Ao observar as faces destes curiosos seres, fica clara a inspiração extraída da loja de máscaras da família. Inclusive, na obra de Ensor é difícil saber ao certo se estes personagens tratam-se realmente de figuras horrorosas ou se são somente máscaras que utilizam. Na vida real é assim também, então, ponto para o artista aqui. As máscaras grotescas também lembram um pouco as faces retratadas por Bruegel (o velho), notório por pintar rostos como alegoria a vícios e idiotices, despersonalizando o ser e transformando-o em mera representação dessas características.

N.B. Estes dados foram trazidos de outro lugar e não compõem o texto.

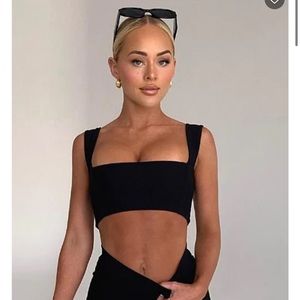 Never worn “in the mix crop” black, white fox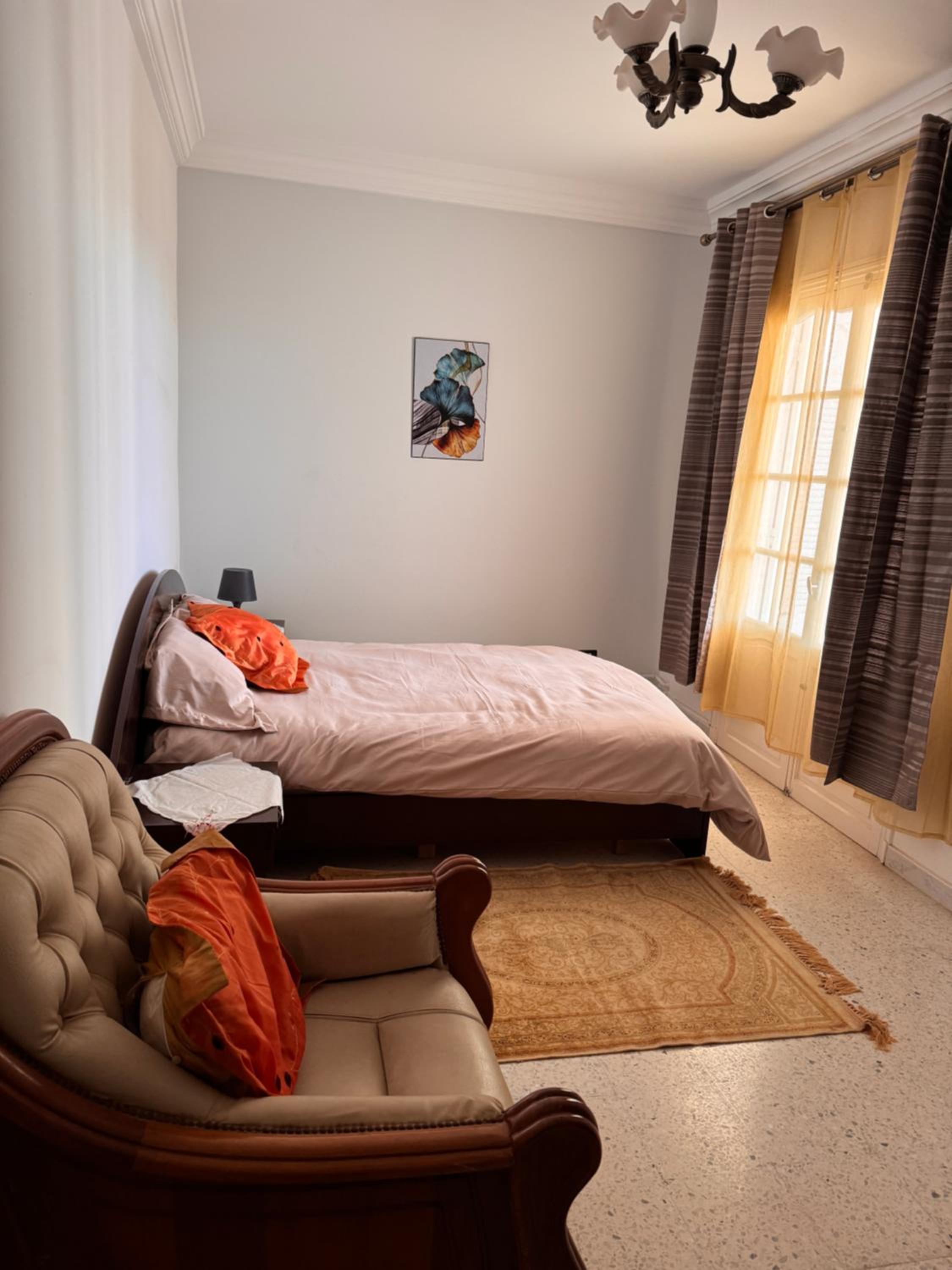 Three-Bedroom Apartment photo 2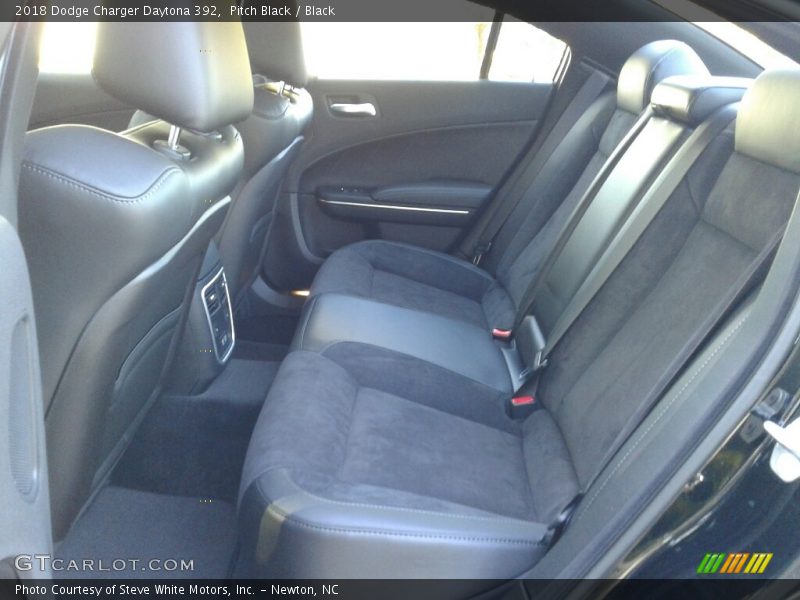 Pitch Black / Black 2018 Dodge Charger Daytona 392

Como Bruegel, as imagens de Ensor são lotadas por personagens, nos dando a impressão claustrofóbica de falta de espaço. Através de um hábil uso de cores e organização do espaço, ele nos dá a impressão de que fazemos parte do cenário. Não somos “convidados” a entrar na obra, é ela que nos invade, automaticamente nos tornando débil e patético como os outros personagens retratados.

Nesta tragicomédia macabra, a morte é despida de todo viés poético e sublime. Aqui, o “além” é tão somente continuação tosca dos elementos rotineiros da vida. É como um deboche infernal, aonde a não-vida é pouco mais do que uma mudança estética, sendo nossa desgraça a condenação à tolice eterna. Ciente disso, o artista utiliza uma paleta colorida e traços pouco comprometidos com a técnica formal e acadêmica da arte à época. Isso nos dá a impressão de ser algo quase infantil, mas não se enganem, James

Ensor foi um artista profundamente talentoso e técnico, tendo antecipado inúmeras correntes da arte moderna (todas, segundo o próprio), sendo figura fundamental para o expressionismo, simbolismo, fauvismo, surrealismo e toda uma imensa gama de outros “ismos”. Porém, Ensor sempre ocupou uma categoria a parte, não sendo oficialmente o “pai” de nenhum destes estilos e nem podendo ser facilmente encaixado em qualquer um deles.

Sempre corajoso, Ensor rompeu barreiras e foi um inovador altamente criativo. Talvez não receba tanto reconhecimento quanto deveria, mas sua resistência aos padrões da época semeou toda uma quebra de paradigma estético. Inovador na forma e no conteúdo, sua disposição em criticar a sociedade em que vivia serviu de influência para toda uma geração de artistas críticos e descontentes. Este é o nosso Ensor, peculiar cavalheiro Belga, que só queria mandar todos as favas e pintar sua loucura na agradável cidadezinha de Oostende.

Obs: Ele tinha vários esqueletos em seu estúdio, que vestia com diversas roupas diferentes e depois os pintava e (provavelmente) se divertia com eles.